The variances of the two groups are not significantly different.


In [8]:
#From the levene's test, we can conclude that the variances of the two groups are not significantly different

#Perform Two-sample independent t-test
t_static, p_value = stats.ttest_ind(men_body_fat, women_body_fat)

if p_value < alpha:
    decision = "Reject null hypothesis. There is a significant difference in the average body fat percentage between men and women."
else:
    decision = "Failed to reject null hypothesis. There is no significant difference in the average body fat percentage between men and women."

print("t-statistic:", t_static)
print("p-value:", p_value)
print("Decision:", decision)

t-statistic: -8.640416865721528
p-value: 2.344768305204797e-08
Decision: Reject null hypothesis. There is a significant difference in the average body fat percentage between men and women.


In [9]:
# 5)A researcher wants to investigate whether there is a relationship between smoking habits (smoker vs. non-smoker) and the
# incidence of lung cancer (yes vs. no).
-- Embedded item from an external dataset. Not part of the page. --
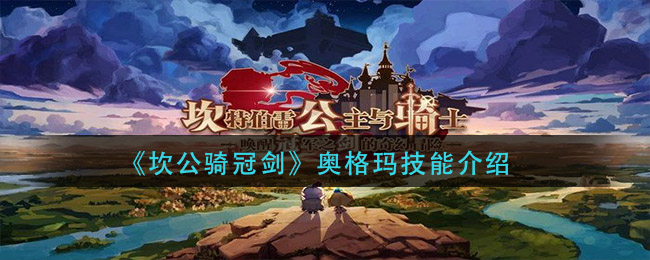 坎公骑冠剑奥格玛技能怎么样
The researcher collects data from a sample of 500 individuals and obtains the following
# table.(alpha=0.05)
#              | Lung Cancer: Yes | Lung Cancer: No |
# -------------|----------------- |-----------------|
# Smoker       |       80         |      120        |
# Non-Smoker   |       50         |      250        |

#Chi-square test
#H0: Smoking habits and the incidence of lung cancer are independent.
#H1: Smoking habits and the incidence of lung cancer are associated.
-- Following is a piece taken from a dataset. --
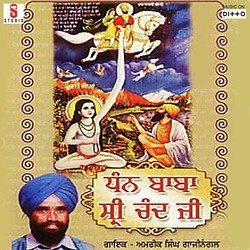 Taliyan Vajan Waliyo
observed = np.array([[80, 120],
                     [50, 250]])
chi2, p_value, dof, expected = stats.chi2_contingency(observed)
alpha = 0.05

print("Chi-square statistic:", chi2)
print("P-value:", p_value)
print("Degrees of freedom:", dof)
print("Expected frequencies:", expected)

# Compare p-value with significance level
if p_value < alpha:
    print("There is enough evidence to reject the null hypothesis.")
    print("Smoking habits and the incidence of lung cancer are associated.")
else:
    print("There is not enough evidence to reject the null hypothesis.")
    print("Smoking habits and the incidence of lung cancer are independent.")


Chi-square statistic: 32.755110880110884
P-value: 1.0453109856796727e-08
Degrees of freedom: 1
Expected frequencies: [[ 52. 148.]
 [ 78. 222.]]
There is enough evidence to reject the null hypothesis.
Smoking habits and the incidence of lung cancer are associated.